* **DATA SECTION**:
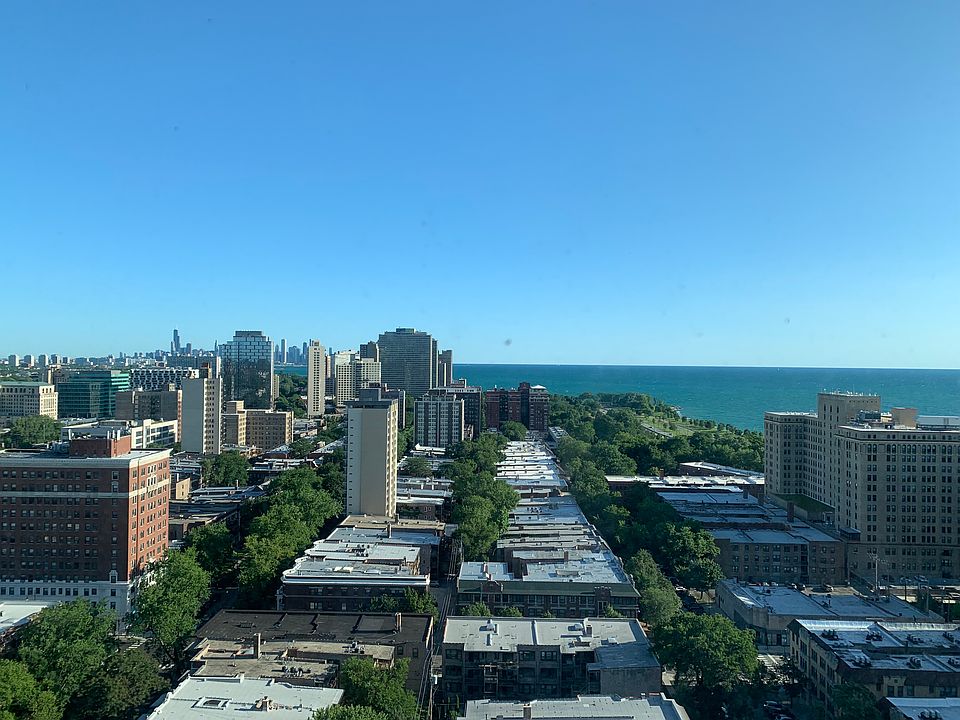 View of downtown Chicago and the lake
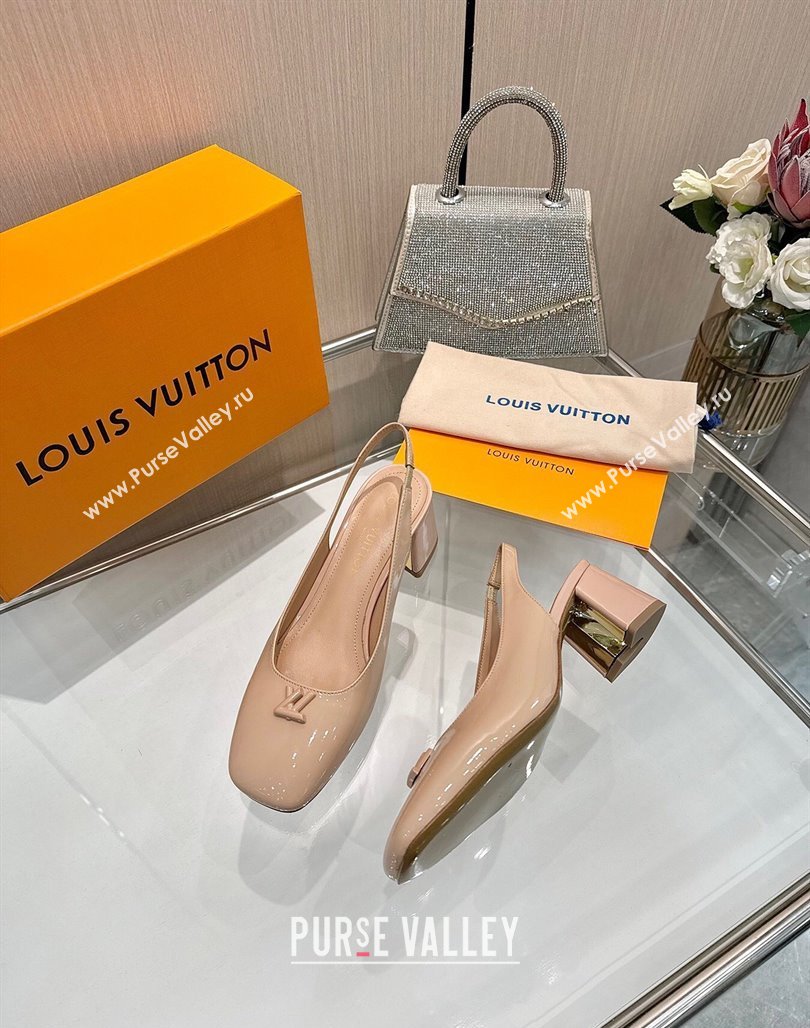 Louis Vuitton Swing Slingback Pump 5.5cm in Patent Leather Nude Pink 2025 1AGTY9 (MD-250422125)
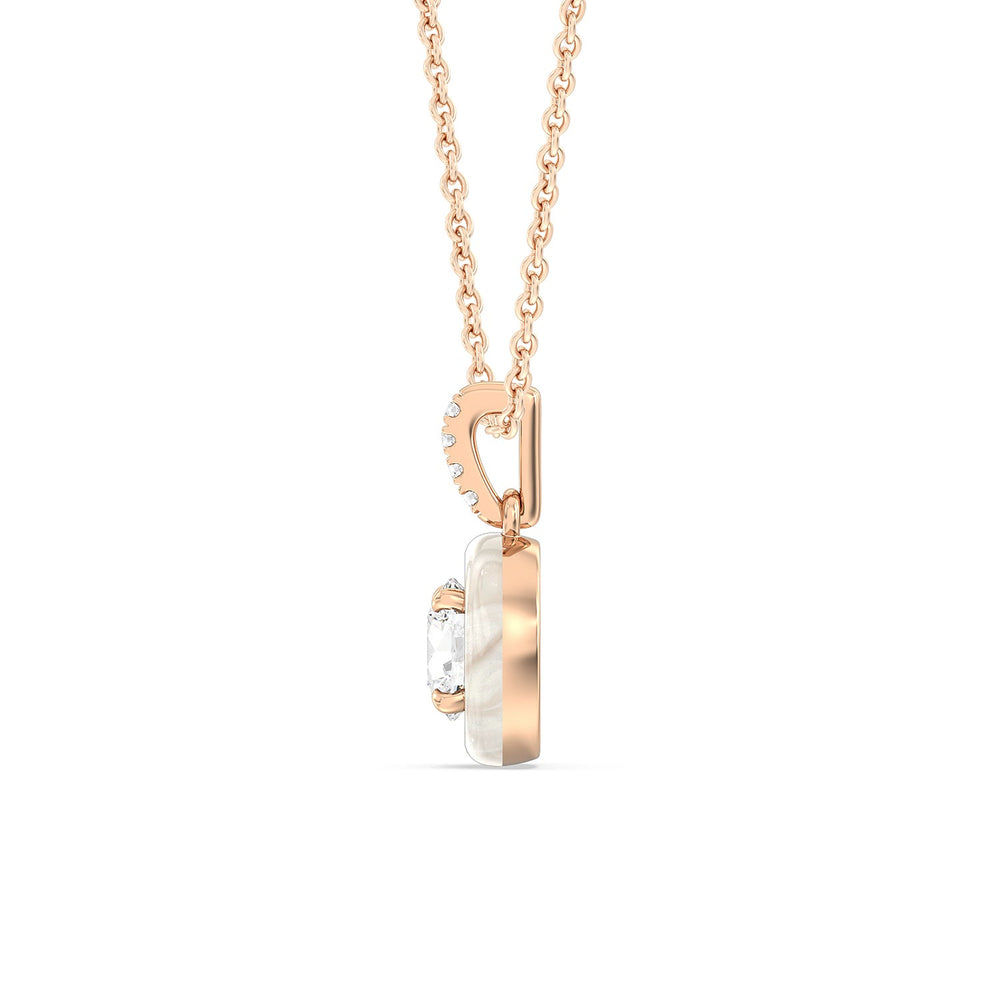 Round Diamond Drop Necklace in Ceramic with 14KT Rose Gold / Pearl / 1 Cut Diamond in 14KT Rose Gold / Pearl / 1 view 3

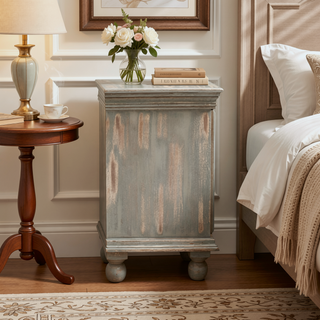 Sunvega Antique Grey Wood Nightstand with Carved Pattern for Bedroom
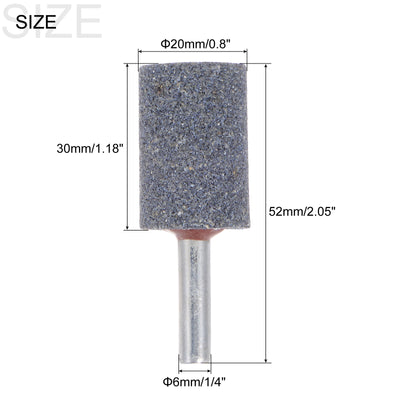 Harfington Uxcell 5pcs Abrasive Mounted Stone 1/4" Shank 0.8" Dia Conical Corundum Grinding Head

* **ASSIGNMENT**: In the copy, include all records verbatim but no images.

* **FINISHED EXERCISE**:
 View of downtown Chicago and the lake
 Louis Vuitton Swing Slingback Pump 5.5cm in Patent Leather Nude Pink 2025 1AGTY9 (MD-250422125)
 Round Diamond Drop Necklace in Ceramic with 14KT Rose Gold / Pearl / 1 Cut Diamond in 14KT Rose Gold / Pearl / 1 view 3

 Sunvega Antique Grey Wood Nightstand with Carved Pattern for Bedroom
 Harfington Uxcell 5pcs Abrasive Mounted Stone 1/4" Shank 0.8" Dia Conical Corundum Grinding Head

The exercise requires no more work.